→ Work to complete: In the records below, reproduce exactly the lines from the one containing "Catalysts 14 00641 g011" through the one containing "Journalists' opinion on", both included, and omit the pictures.

→ Data to examine:
/---

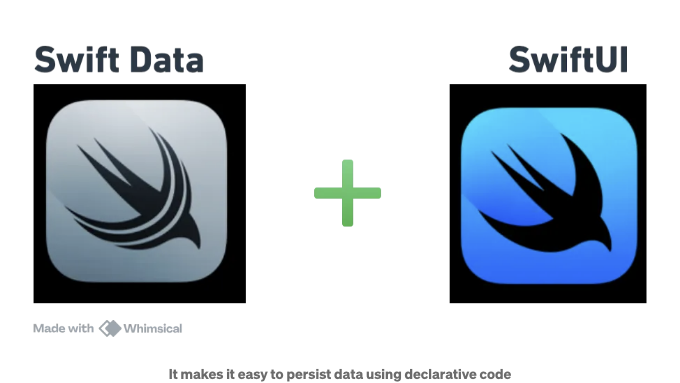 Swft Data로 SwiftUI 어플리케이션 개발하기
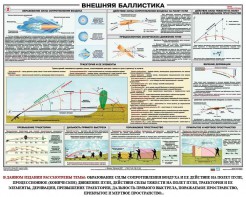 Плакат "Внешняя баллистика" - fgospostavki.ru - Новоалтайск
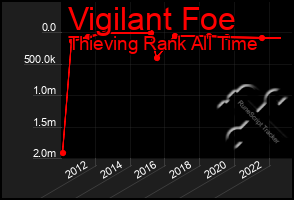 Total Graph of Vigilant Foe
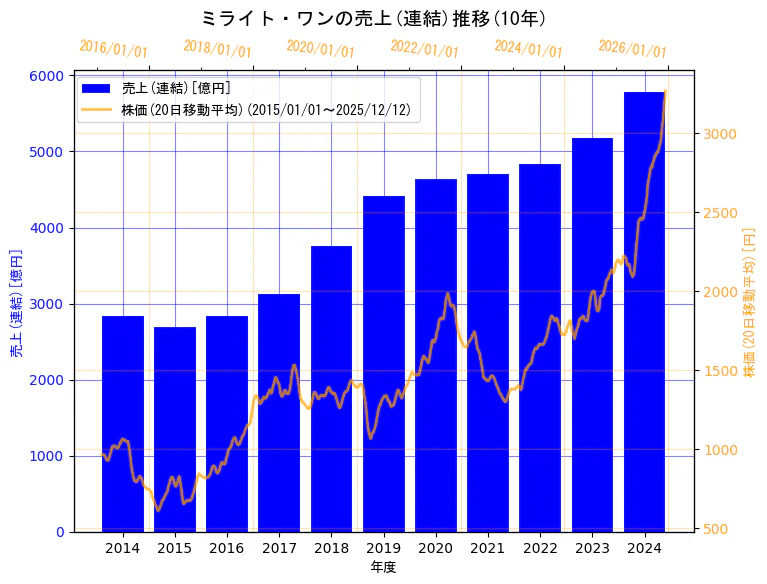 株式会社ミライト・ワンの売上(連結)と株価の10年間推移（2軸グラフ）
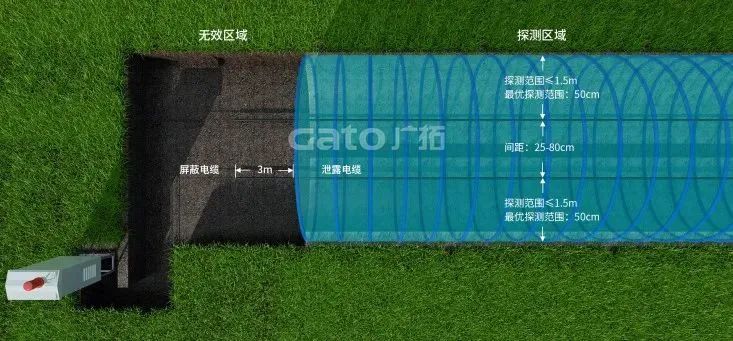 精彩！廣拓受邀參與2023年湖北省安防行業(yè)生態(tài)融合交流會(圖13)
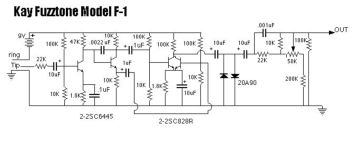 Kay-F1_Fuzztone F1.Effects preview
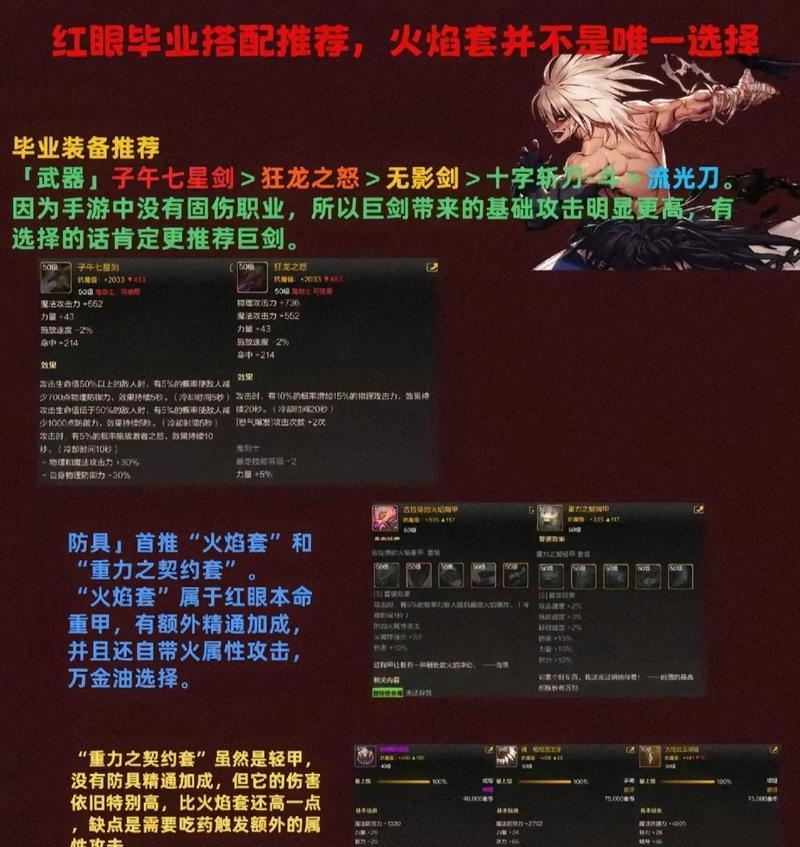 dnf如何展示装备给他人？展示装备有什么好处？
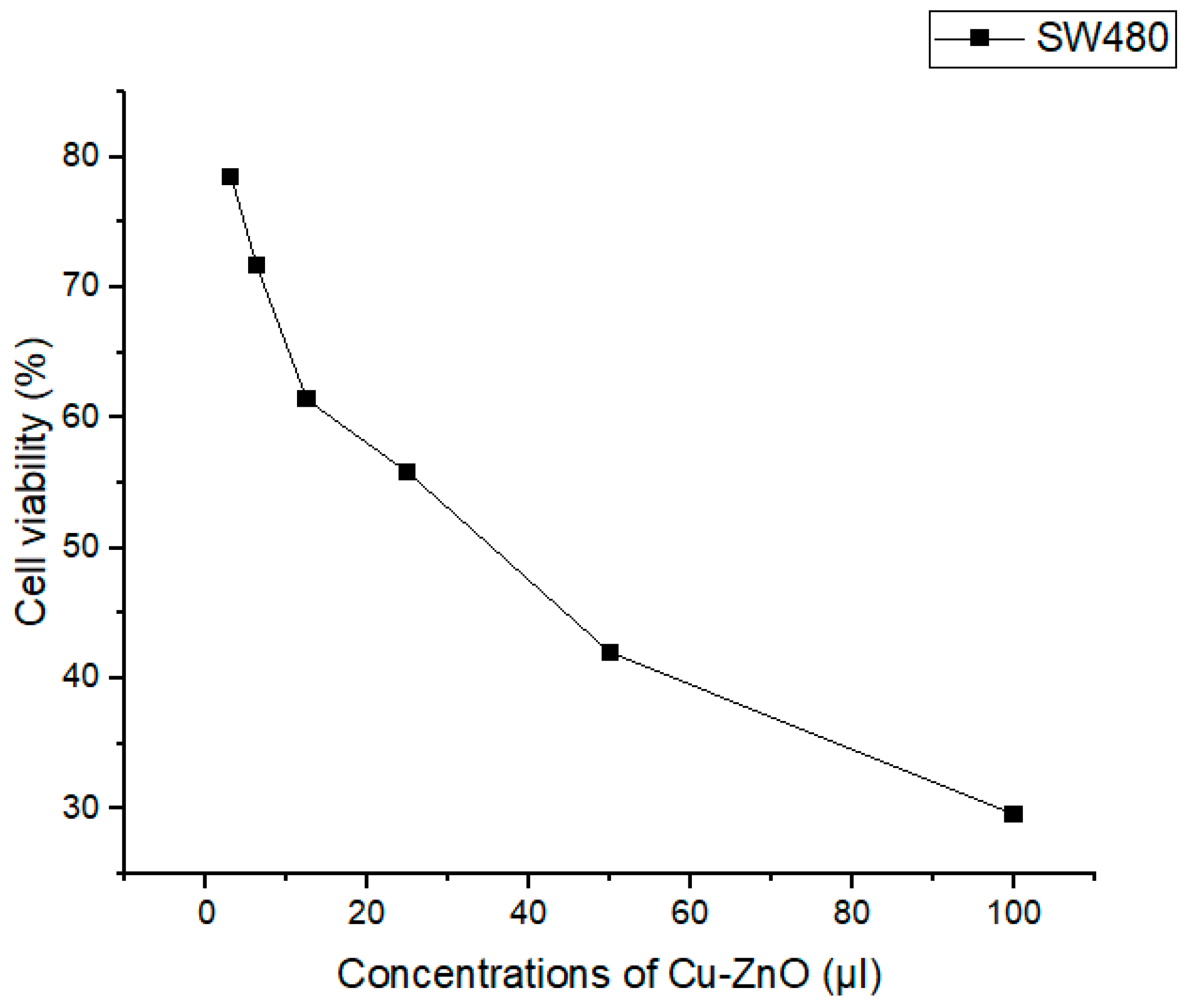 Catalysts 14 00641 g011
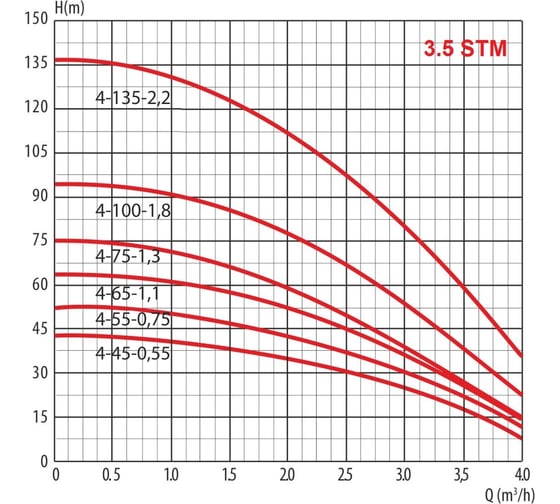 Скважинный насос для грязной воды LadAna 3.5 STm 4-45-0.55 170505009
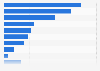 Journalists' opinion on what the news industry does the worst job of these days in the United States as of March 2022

\---
/---

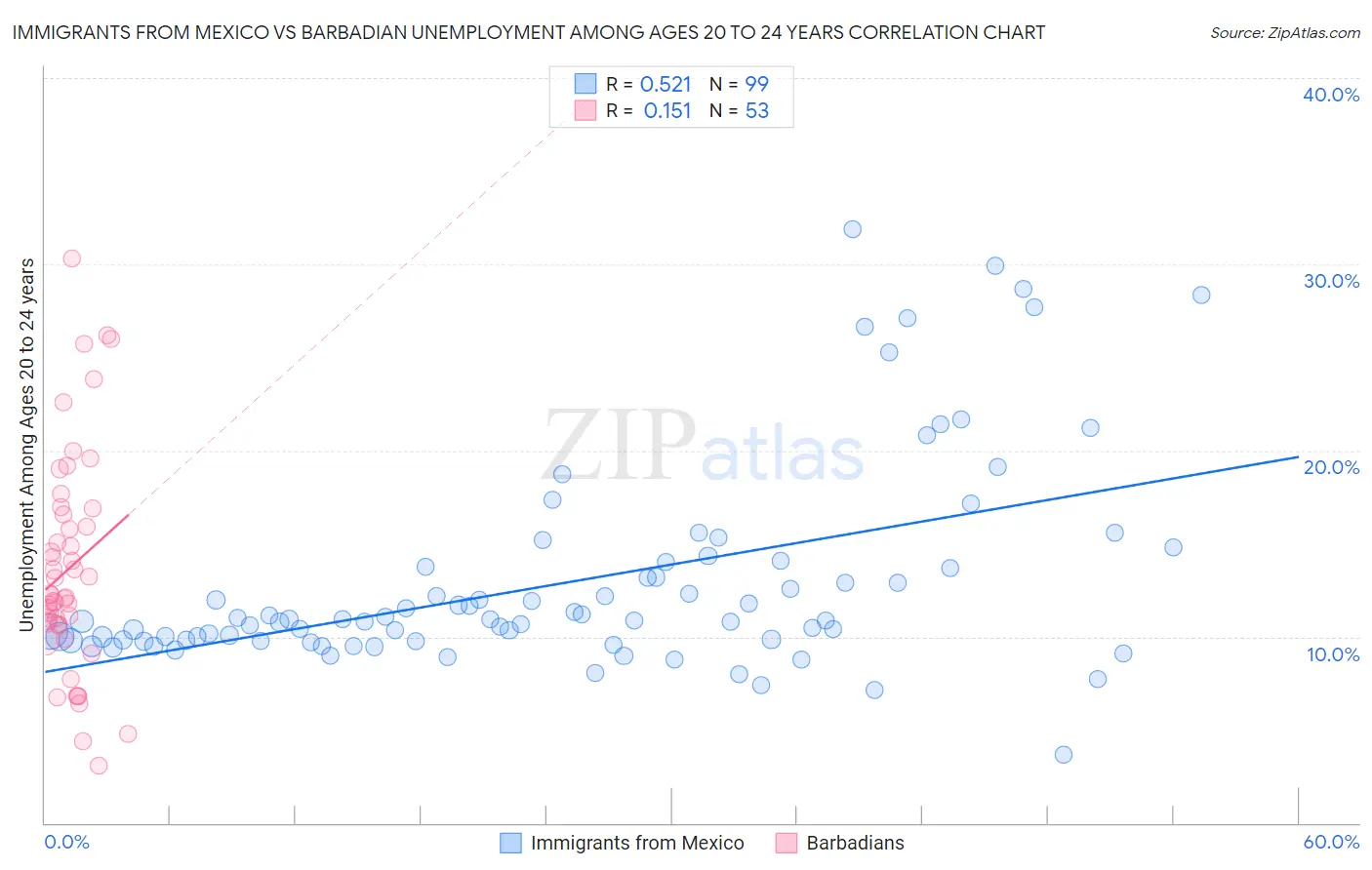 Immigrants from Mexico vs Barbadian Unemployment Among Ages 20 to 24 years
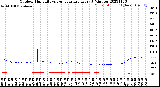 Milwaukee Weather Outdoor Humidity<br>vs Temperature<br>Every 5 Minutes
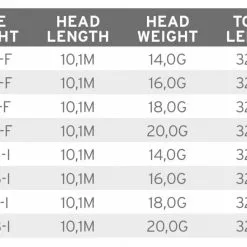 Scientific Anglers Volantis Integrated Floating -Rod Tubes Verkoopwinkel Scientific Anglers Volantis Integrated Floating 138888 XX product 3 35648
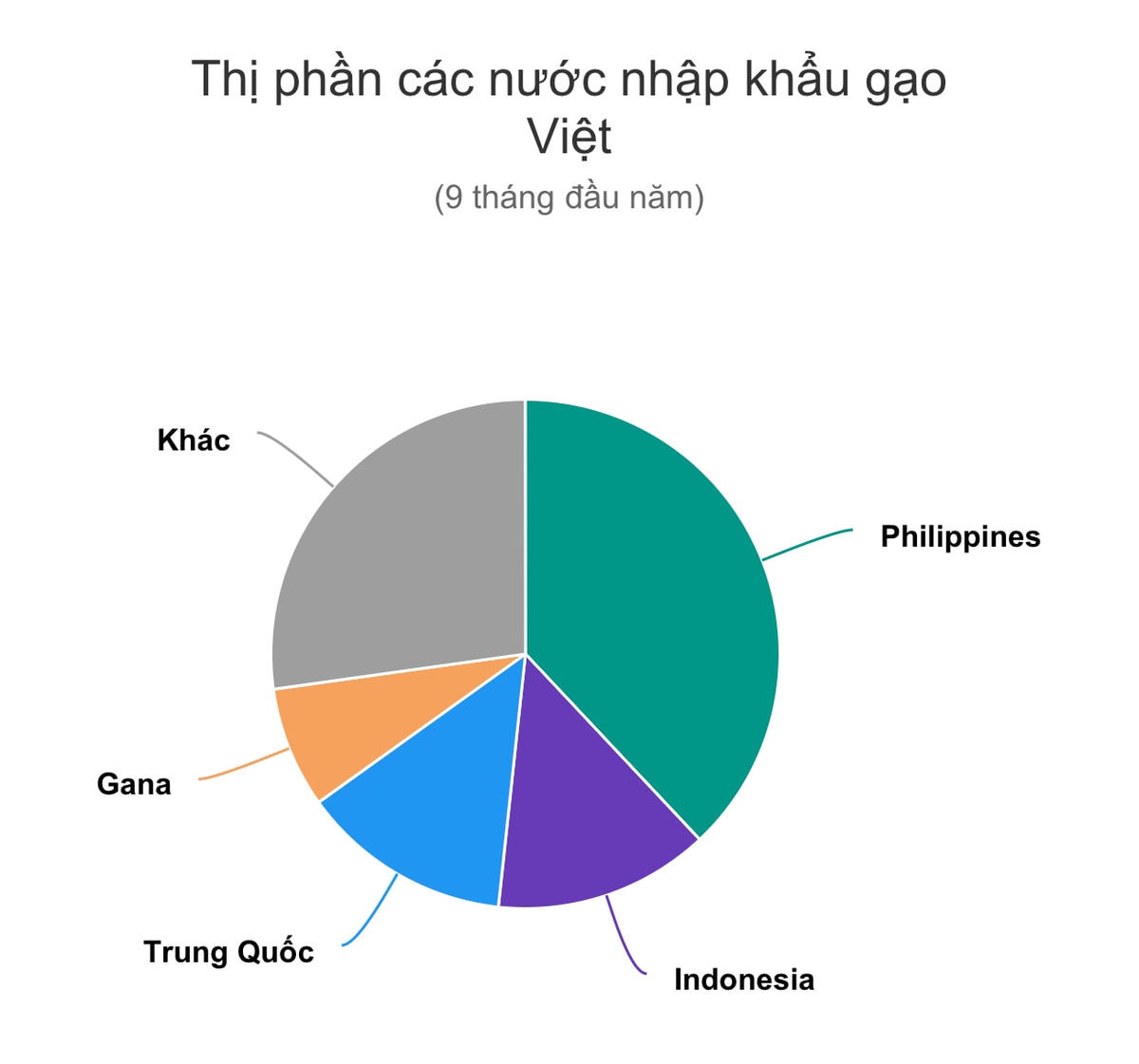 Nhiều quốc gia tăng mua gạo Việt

\---

→ Answer box:
 Catalysts 14 00641 g011
 Скважинный насос для грязной воды LadAna 3.5 STm 4-45-0.55 170505009
 Journalists' opinion on what the news industry does the worst job of these days in the United States as of March 2022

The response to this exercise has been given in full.